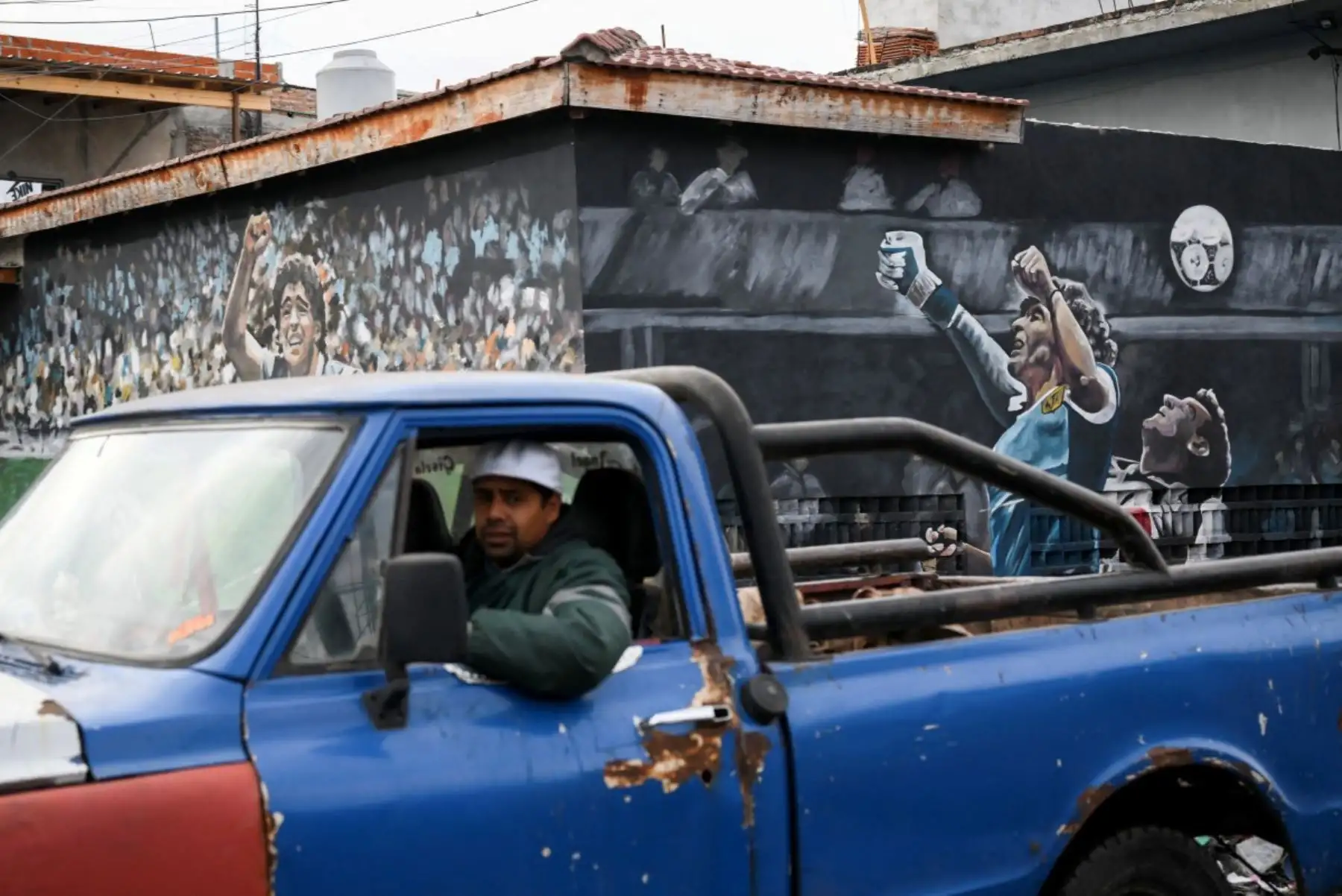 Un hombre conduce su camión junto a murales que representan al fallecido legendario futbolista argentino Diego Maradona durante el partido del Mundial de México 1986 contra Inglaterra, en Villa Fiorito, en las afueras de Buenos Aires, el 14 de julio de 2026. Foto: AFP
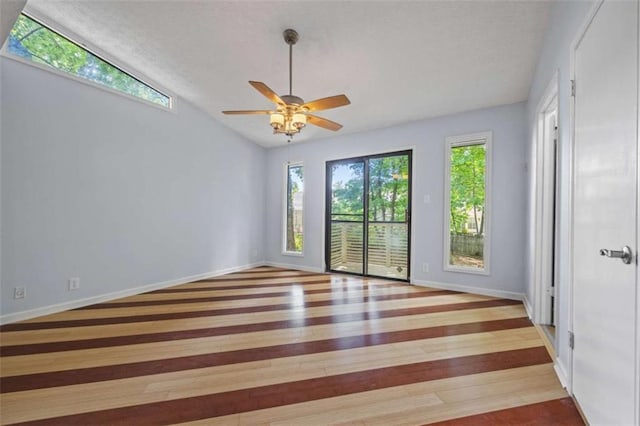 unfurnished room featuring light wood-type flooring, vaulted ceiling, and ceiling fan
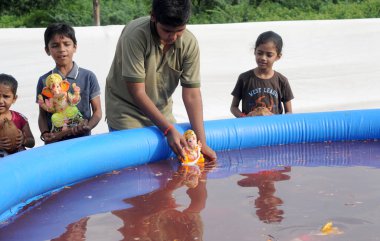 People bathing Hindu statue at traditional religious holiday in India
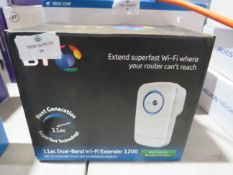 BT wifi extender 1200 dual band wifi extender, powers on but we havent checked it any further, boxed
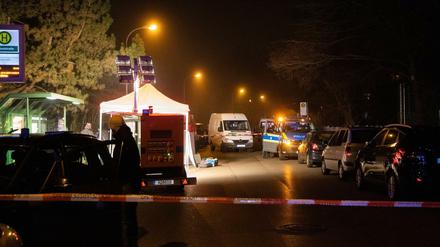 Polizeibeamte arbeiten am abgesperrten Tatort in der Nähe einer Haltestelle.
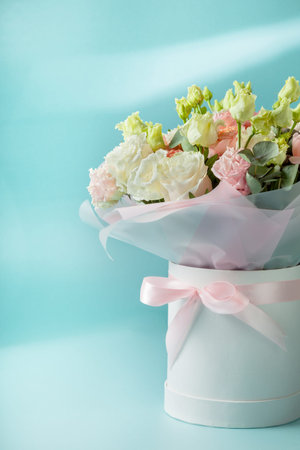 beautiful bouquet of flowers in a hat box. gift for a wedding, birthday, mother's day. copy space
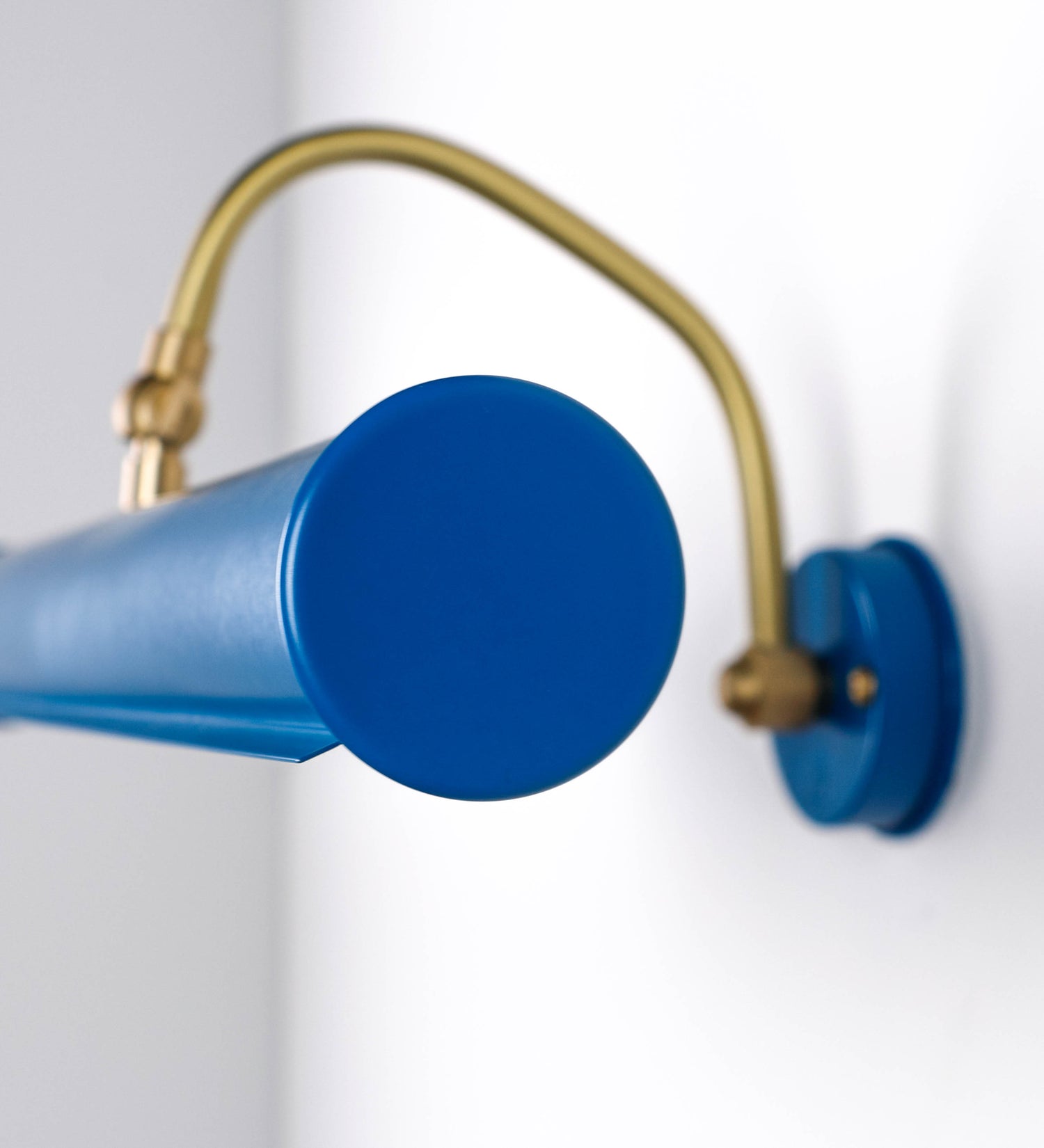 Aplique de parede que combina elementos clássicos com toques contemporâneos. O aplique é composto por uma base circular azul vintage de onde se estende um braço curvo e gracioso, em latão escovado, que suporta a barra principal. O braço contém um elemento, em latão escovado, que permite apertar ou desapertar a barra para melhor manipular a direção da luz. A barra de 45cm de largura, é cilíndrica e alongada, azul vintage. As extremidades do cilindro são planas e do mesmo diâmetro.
==
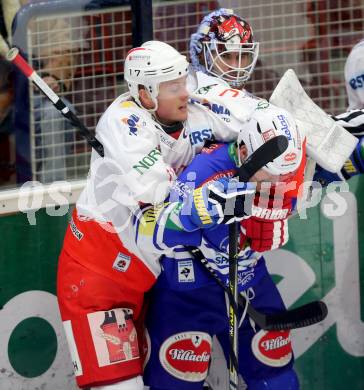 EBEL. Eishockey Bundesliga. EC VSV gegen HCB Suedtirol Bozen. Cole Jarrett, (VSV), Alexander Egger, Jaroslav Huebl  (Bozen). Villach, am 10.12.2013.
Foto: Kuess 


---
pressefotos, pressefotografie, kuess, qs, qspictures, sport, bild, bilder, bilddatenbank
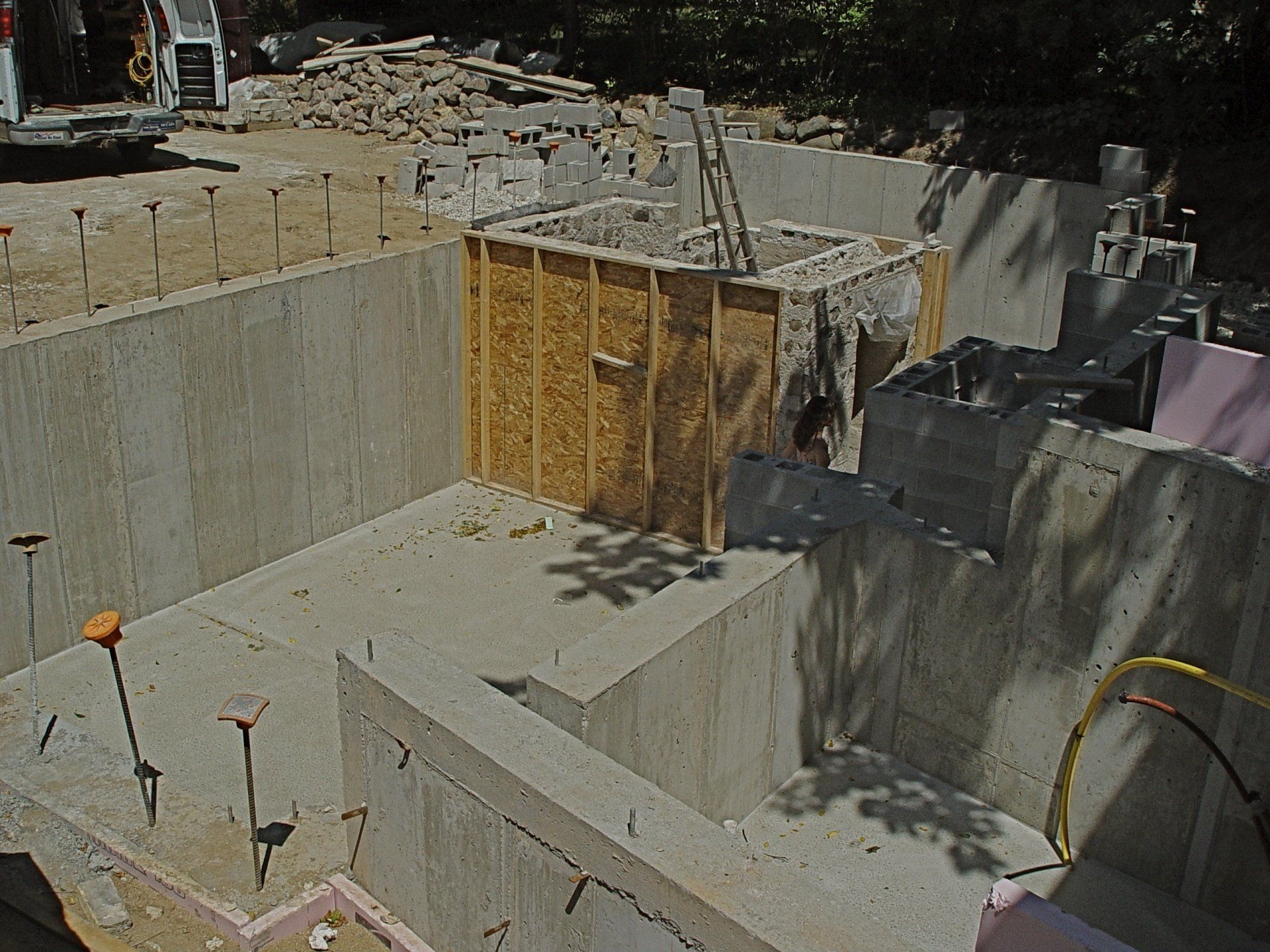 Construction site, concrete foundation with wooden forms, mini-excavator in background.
* * *
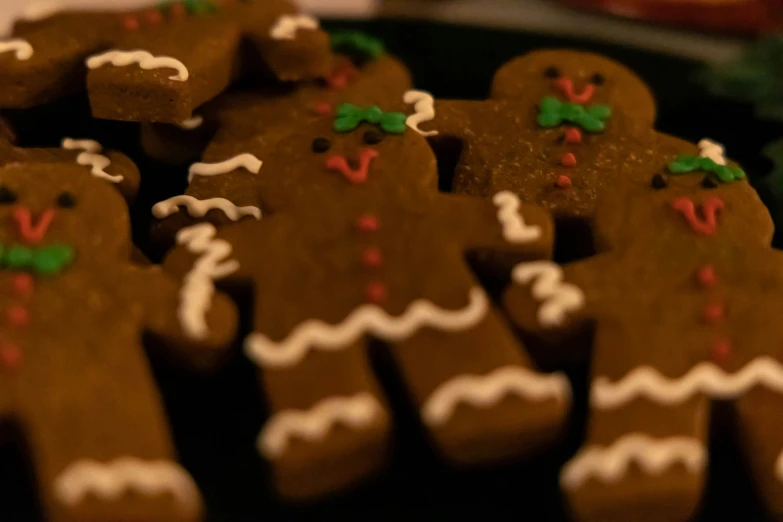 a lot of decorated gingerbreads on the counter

§ **What is expected**:
Everything from the line with "People bathing Hindu" down to the line with "Aplique de parede" in the data above should be copied exactly, with both end lines kept and the pictures left out.

§ **Response area**:
 People bathing Hindu statue at traditional religious holiday in India
 BT wifi extender 1200 dual band wifi extender, powers on but we havent checked it any further, boxed
 Polizeibeamte arbeiten am abgesperrten Tatort in der Nähe einer Haltestelle.
 beautiful bouquet of flowers in a hat box. gift for a wedding, birthday, mother's day. copy space
 Aplique de parede que combina elementos clássicos com toques contemporâneos. O aplique é composto por uma base circular azul vintage de onde se estende um braço curvo e gracioso, em latão escovado, que suporta a barra principal. O braço contém um elemento, em latão escovado, que permite apertar ou desapertar a barra para melhor manipular a direção da luz. A barra de 45cm de largura, é cilíndrica e alongada, azul vintage. As extremidades do cilindro são planas e do mesmo diâmetro.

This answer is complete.